Most non-trivial software development work tends to be billed as T&M. The agile approach with a T&M contract is attractive to both the customer and the vendor and generally has important advantages over payment on deliverables:

  1. Reduced risk. If a tested, working product is delivered continuously / incrementally then the amount of the work that is "at risk" at any one time is very small. The customer can walk away with a potentially deployable product and without losing much. This contrasts with up-front specified deliverables where the risk of non-delivery or a poor quality product is bound to be greater and dropping the software vendor can be extremely difficult.

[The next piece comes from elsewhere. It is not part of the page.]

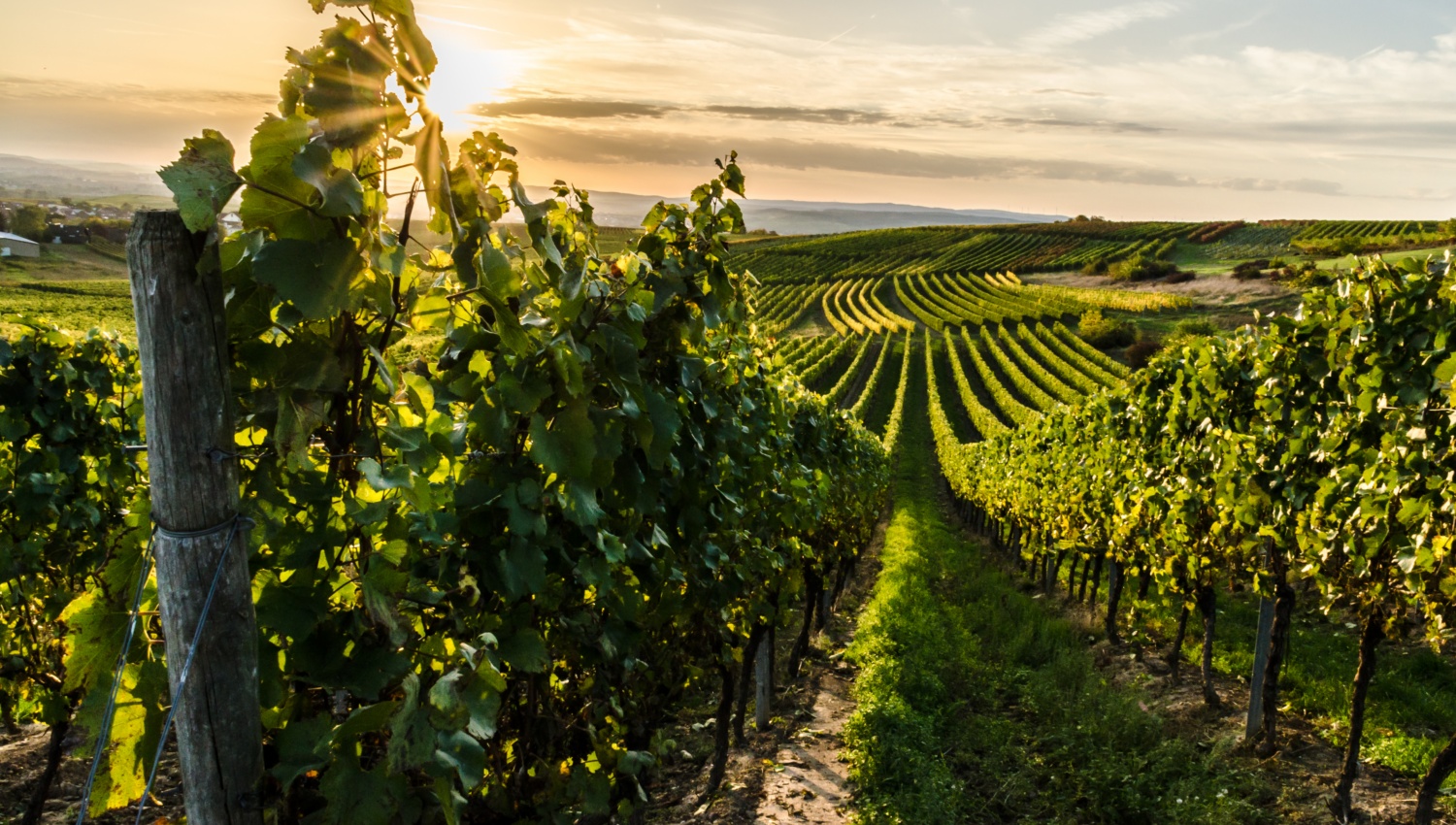 Blick auf grüne Reben in den Weinbergen von Rheinhessen in der Abendsonne.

  2. Reduced cost. Vendors tend to add a very significant premium on to fixed-price deliverables. T&M is typically much cheaper.

  3. Improved collaboration. Fixed-deliverable, fixed-price contracts are really only attractive where there is a high degree of trust between vendor and customer. T&M contracts demand collaboration but they also give the opportunity for vendor and customer to demonstrate their commitment to each other - and to walk away if they are not satisfied.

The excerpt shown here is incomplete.